I’d pitched the idea for an article about procrastination to my editor three weeks ago, and he gave me the go-ahead. “Three weeks” is roughly akin to “a decade” when converted into student years. I was confident I’d have the requisite 800 words done within the allotted amount of time, probably with a few days’ change to boot. But as we know from Parkinson’s Adage: work expands to fill the time available for its completion. So when I’d got a few days to go before the print deadline, I’d amassed an impressive total of exactly no words for the article. The main chronological casualty was therefore just not thinking about the work because it seemed so remote. Despite the fact that this two-and-a-bit-week delay was my biggest net squandering, it completely slipped me by without anxiety.
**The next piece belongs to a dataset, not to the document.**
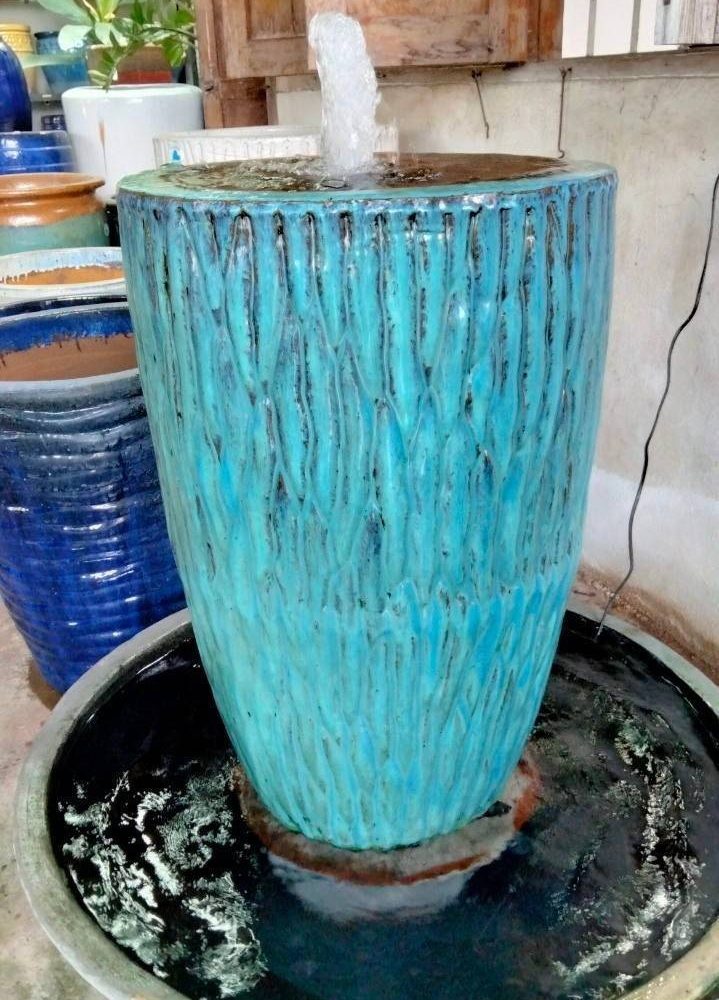 Overflowing water jar wave pattern tall shape
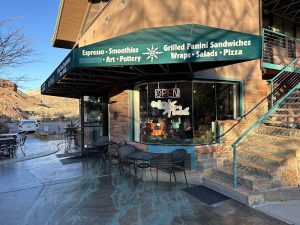 Cafe Soleil exterior with a teal-green awning and outdoor seating on a stone storefront in Zion National Park.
It was in the last couple of days, when the work became burningly urgent, that the real suffering began. One of the days was spent sat at the desk always about to work, but instead of starting at any point I frittered away the time doing a series of increasingly arcane internet quizzes and then deciding I deserved a beer at about 16:00, which turned into seven. The second day I decided I couldn’t face wasting another day just sat at the desk doing nothing, so I bravely resolved to waste the day outside doing nothing. I walked around the city walls by myself listening to Kendrick Lamar’s new album, followed by eleven episodes of Melvyn Bragg’s bottomlessly diverting radio show In Our Time, all without feeling lonely or bored as I definitely would’ve done without a deadline hanging over me. When I got home, I was cold and tired and pointlessly conversant with Zeno’s Paradox.
I was clearly in no fit state to work, so instead of working I decided that I would make some dinner and get an early night’s sleep so that I could be fresh and alert for a hard day’s work in the morning. I decided I’d get a pizza, so I went online and tried to find a valid Domino’s Pizza discount code for three hours straight. This, combined with the litre of coffee I’d shakily quaffed to help with the Turing-esque code search, and the general anxiety about the amount of work ahead, meant that I lay awake in bed starring at my starkly shadowed bedroom ceiling until 04:30, at which point I could feel my pulse in my eyes. The only thing for it was to snaffle about five times the recommended dose of Nytol, which would guarantee a refreshing night’s sleep.
It was not a refreshing night’s sleep. I woke up at 13:00 the next day feeling lobotomized and panicked. I had just a few hours to go. I used to calm myself as a teenager by walking along the same two-mile road circuit in my hometown in West Yorkshire, but evidently there was no time to get back there on the train and get the work done the same day. So as an appropriate ersatz, I went on Google Street View and did the whole route, one excruciating click at a time, virtually travelling deeper into my organisational morass. The only sense of relief I got from the experience was the sweet release of watching the deadline go past, safe in the knowledge that I was now irreversibly buggered, so I might as well relax.
Procrastination promises pleasure now and pain later, the mental equivalent of a pay-day lender pedalling instant satisfaction at an unspoken pernicious rate of interest. But it’s actually much more serious than that, because the satisfaction never comes. What comes instead is dread. Dread, accompanied by the dreadful knowledge that you will find yourself in it again when the next deadline bares its deadliness down on you. I’m sorry the article never came together – I hope this won’t happen again.